Brand Values & Promises – Make Your Audience’s Dreams Come True

Two sculpted hands linking fingers to signify a promise.
What promise does your business make to its customers?


At Screenweave, we like to say that a brand is a promise.

It says, “This is who we are, and this is what you can expect from us.”

And to keep that promise to your customers, your business needs strong brand values. These brand values will guide every interaction and sale, ensuring that everyone in your business is constantly reinforcing that promise.

What are ‘brand values’?

Brand values are what define your business and how it’s going to operate. They’re the non-negotiables, the identifying features, the

Put in a more relational way, brand values are what define your business’ relationship with its customers.

(If you think it’s strange to talk about a ‘relationship’ with customers, your business needs a serious readjustment. Your target audience are the people who have a problem you’re ready to solve. This means that your business is responding to their needs, which is the most basic relational action we can take.)

All relationships – whether with a person or a brand – are motivated by desire. What does your target audience desire? What gets in the way of them recognising or fulfilling these desires? How does your brand support and encourage their good desires?

Let’s look at how your brand can respond to your audience’s desires.

Discovery: Your audience’s desires

1. Their Deepest desire

If your target audience had one wish from a genie, what would they ask for? You already have a detailed idea of your target audience (if you don’t, check out our blog on discovering your target audience). That means you know their wants & needs, and the ‘big problem’ they want solved.

2. What’s holding them back?

The next step is to identify what might make your customers hesitate or worry. Your brand should promise to avoid or address anything that makes them unsure. Showing that your business is aware of these things will transform your brand from a ‘seller’ to a ‘problem-solver’.

3. Deal-breakers

There are always non-negotiables for your audience.

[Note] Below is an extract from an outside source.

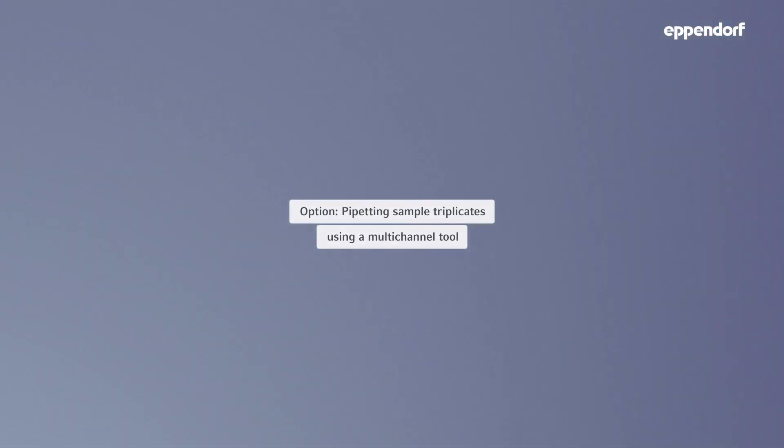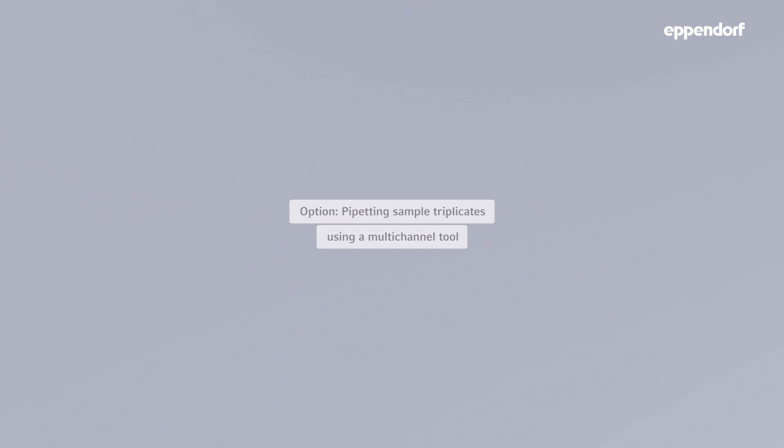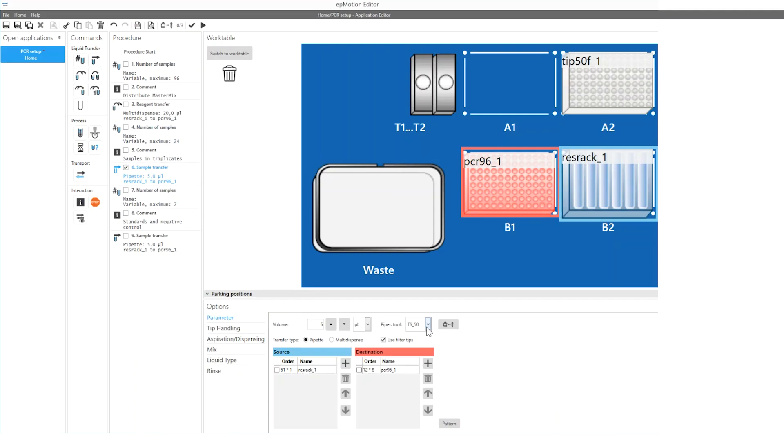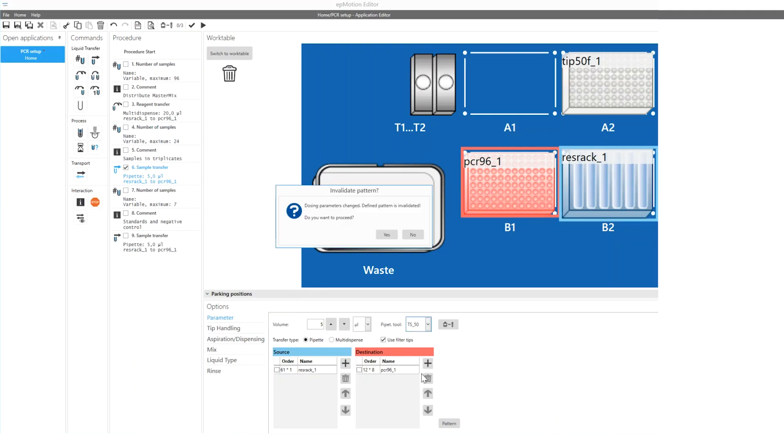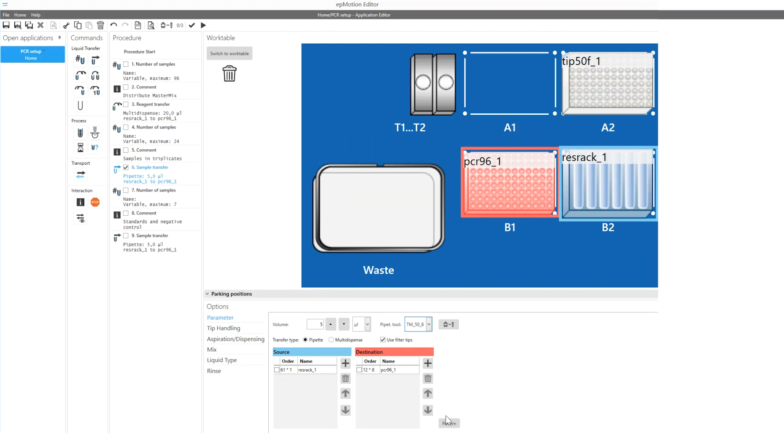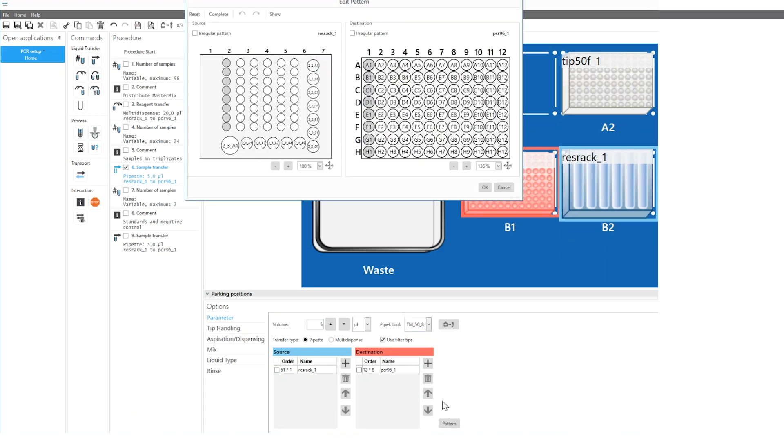If the samples can be accessed by an 8-channel tool, you can speed up the sample pipetting. The previously set procedure can be quickly adapted by changing the selected pipet tool and adapting the pipetting pattern.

Recognising these could be what separates your brand from being a choice to a preference. Your brand values should intentionally oppose these deal-breakers.

Promising: How do you define your values?

Now you have a fair idea of your audience’s desires, limitations, and deal-breakers. But how do we go from here to establishing brand values and promises?

1. Do the same for your business

Identify those same things (desires, limitations, deal-breakers) for your business – whether you’re a solopreneur or a 500-strong enterprise. The easiest way to do this is to hear from the people who started and sustain the company. If both your audience and your business have the same hope or worry or desire, you can be confident it points to a core value for your brand.

2. Make a shortlist

Build a shortlist of simple values that could be used. (Here’s a great list of values to give you ideas)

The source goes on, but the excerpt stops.